Data below ▸
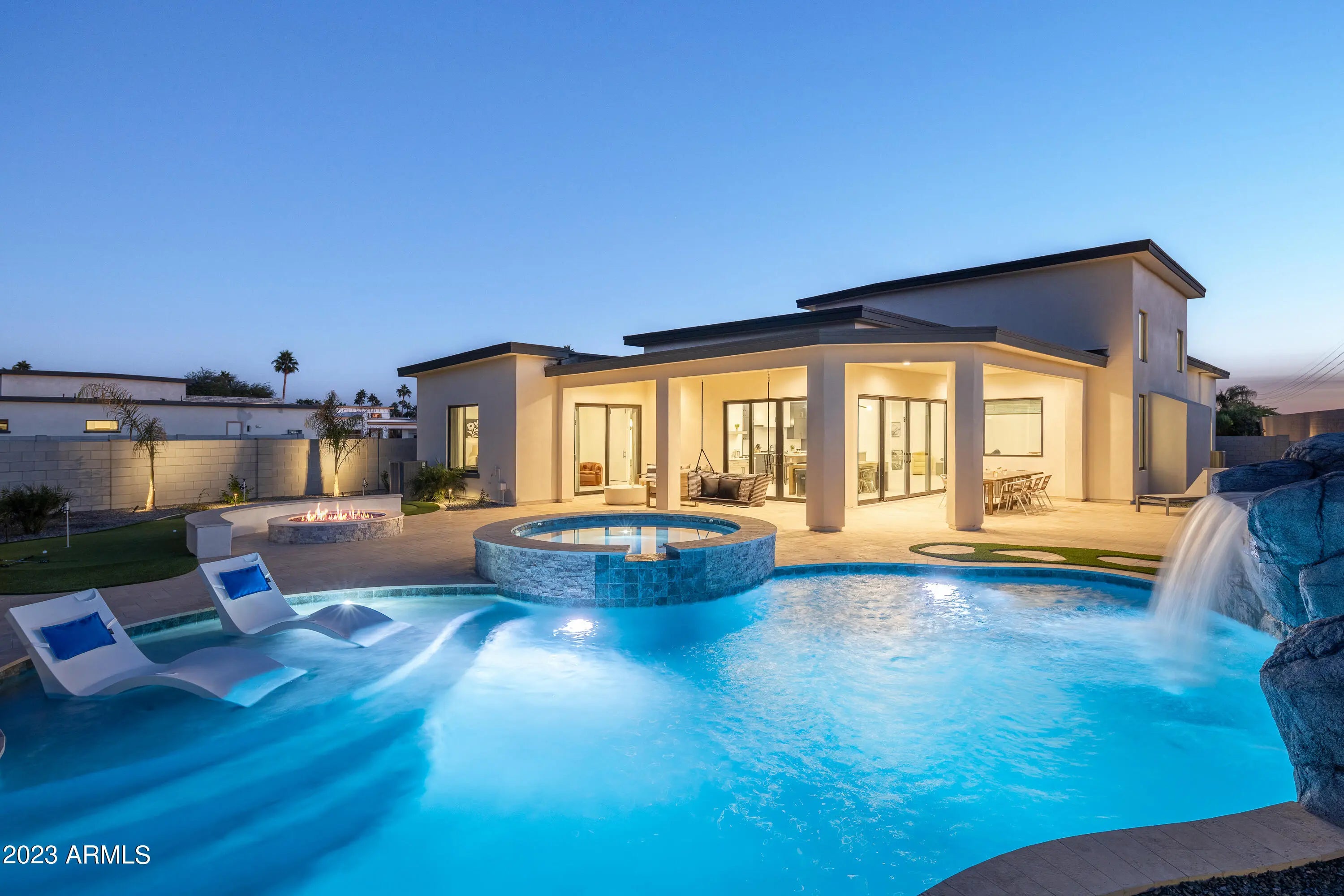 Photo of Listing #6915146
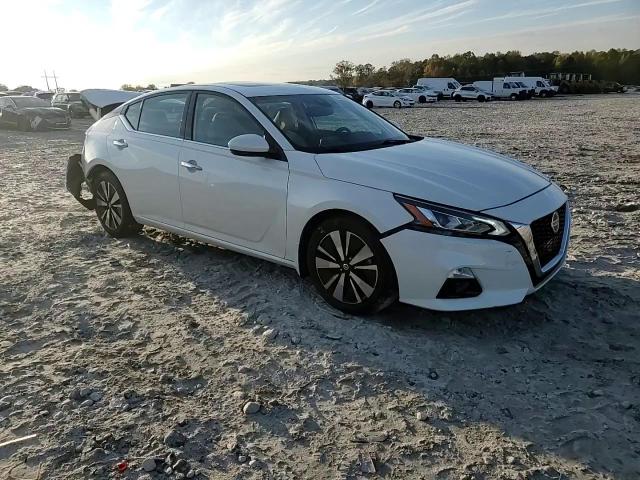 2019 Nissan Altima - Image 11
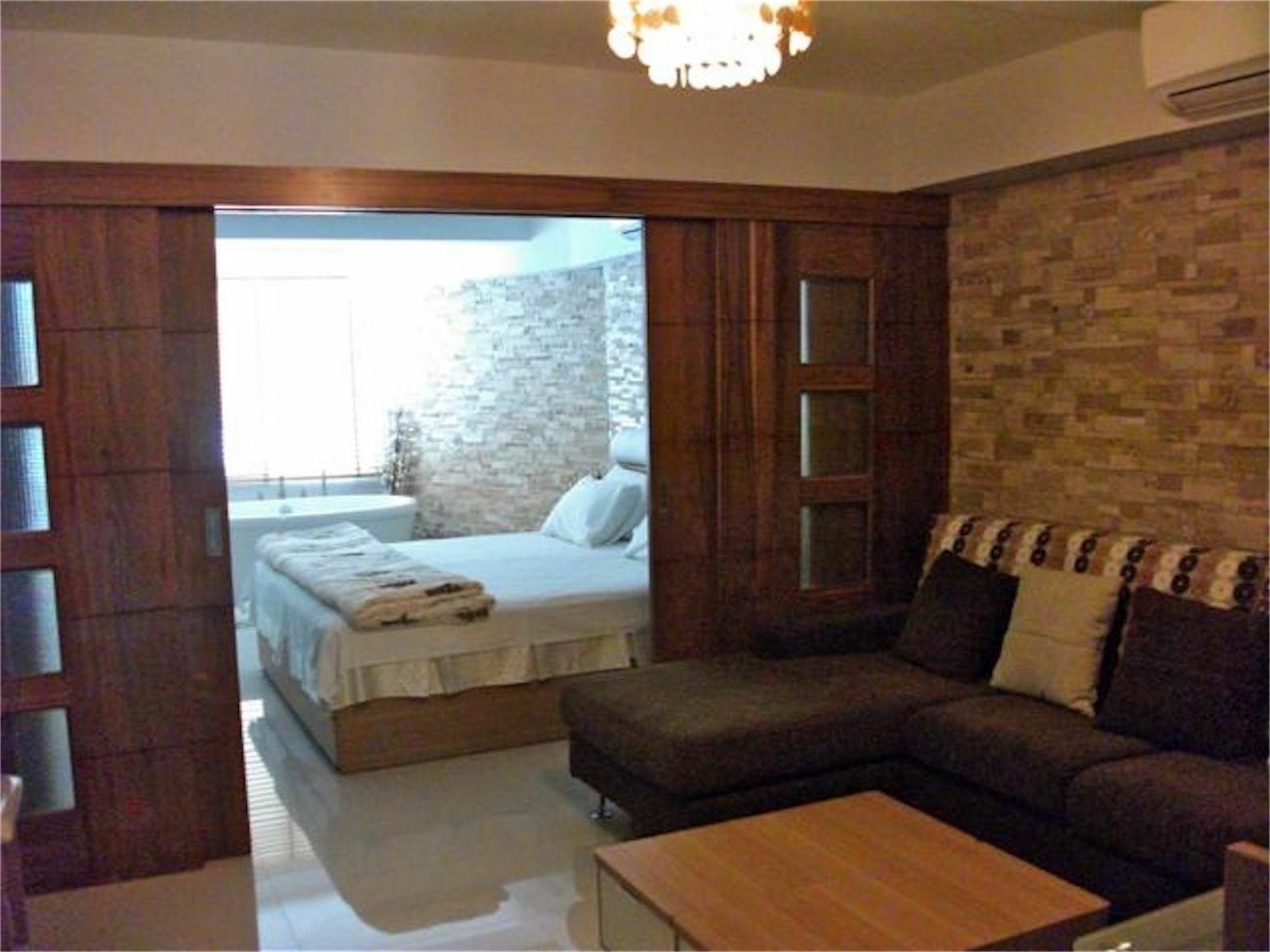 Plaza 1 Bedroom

What the exercise asks ▸ Print the data above in full and exactly as it appears, skipping the pictures.

Exercise result ▸
 Photo of Listing #6915146
 2019 Nissan Altima - Image 11
 Plaza 1 Bedroom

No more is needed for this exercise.